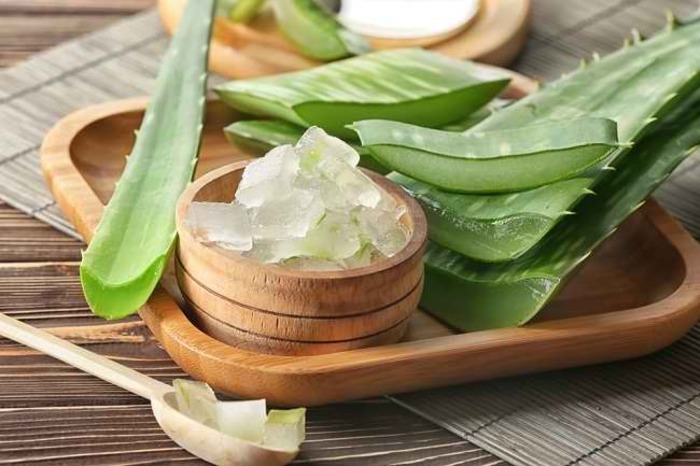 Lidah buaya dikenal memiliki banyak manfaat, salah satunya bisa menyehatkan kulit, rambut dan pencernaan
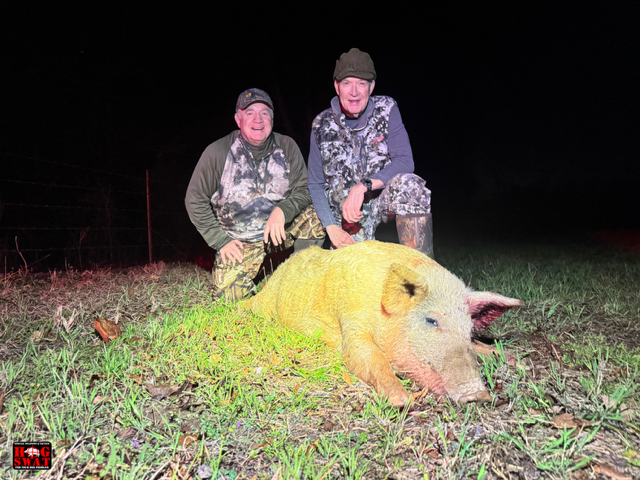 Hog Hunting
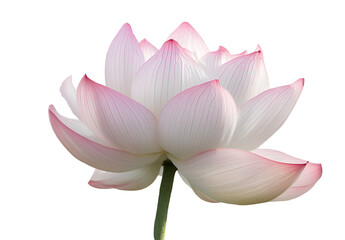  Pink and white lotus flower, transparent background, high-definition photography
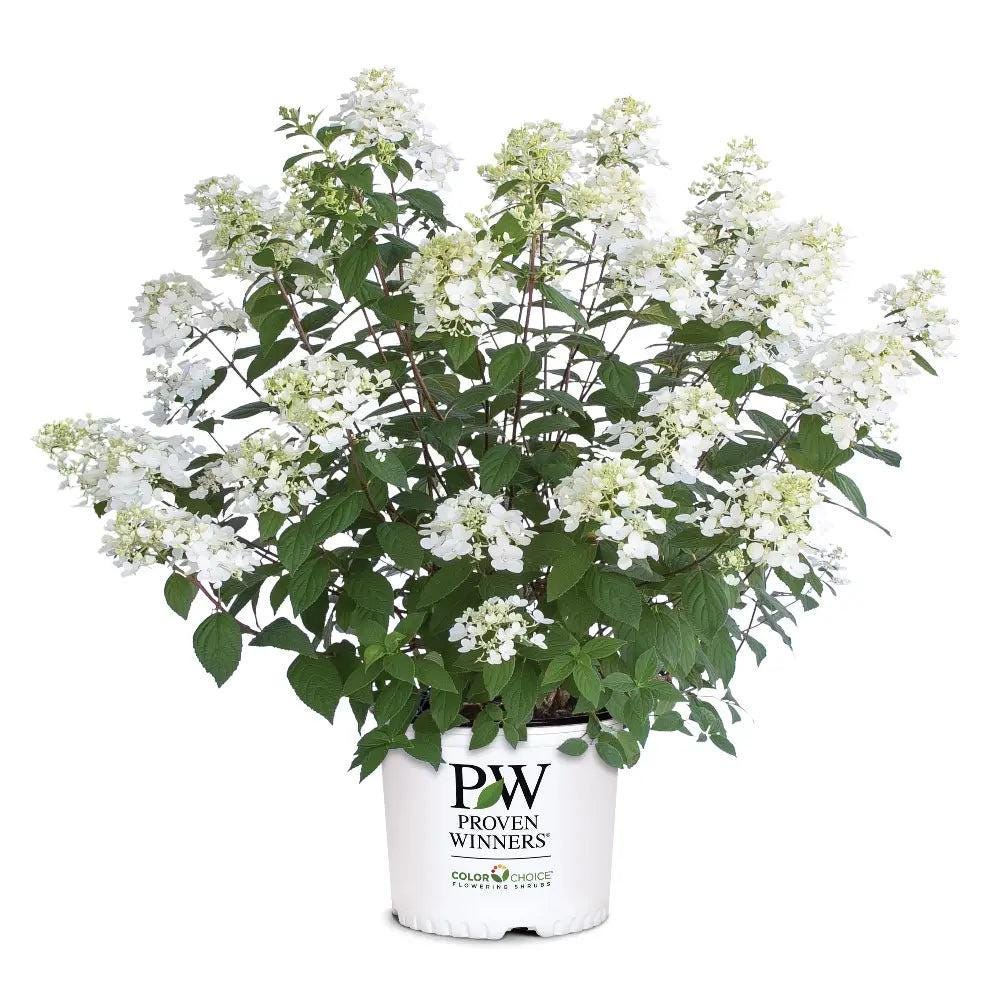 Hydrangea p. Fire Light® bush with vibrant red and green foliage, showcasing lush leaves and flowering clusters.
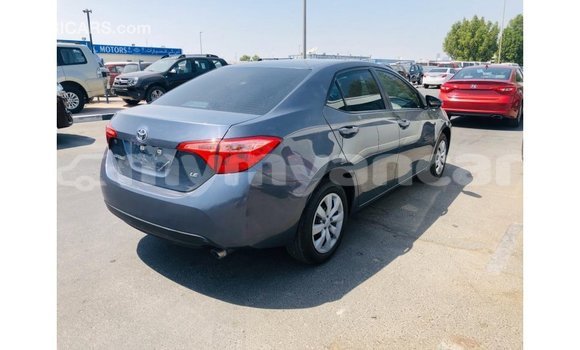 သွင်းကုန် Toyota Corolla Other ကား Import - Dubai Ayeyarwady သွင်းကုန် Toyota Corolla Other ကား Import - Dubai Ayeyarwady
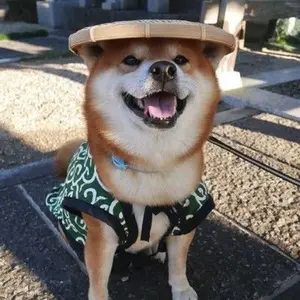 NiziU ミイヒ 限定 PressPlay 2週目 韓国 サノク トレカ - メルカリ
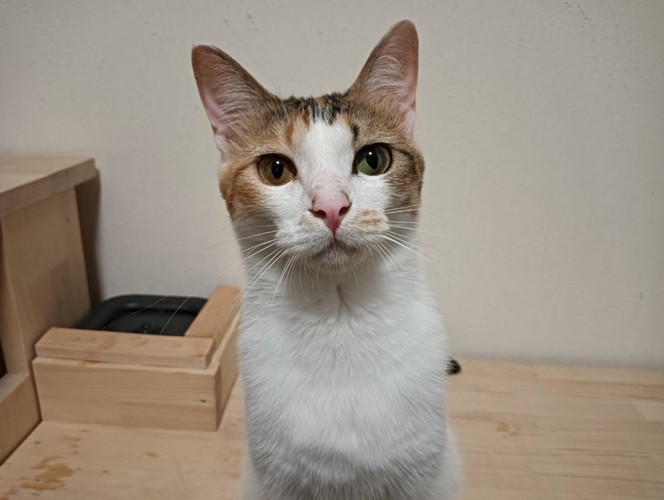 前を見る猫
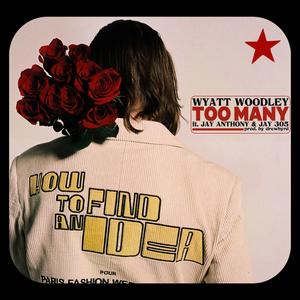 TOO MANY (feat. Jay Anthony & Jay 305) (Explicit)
§
In the answer, include exactly the lines from the top of the entries through the line containing "Hydrangea p. Fire", and nothing else, not even the pictures.

* [Problem solution]:
 Lidah buaya dikenal memiliki banyak manfaat, salah satunya bisa menyehatkan kulit, rambut dan pencernaan
 Hog Hunting
  Pink and white lotus flower, transparent background, high-definition photography
 Hydrangea p. Fire Light® bush with vibrant red and green foliage, showcasing lush leaves and flowering clusters.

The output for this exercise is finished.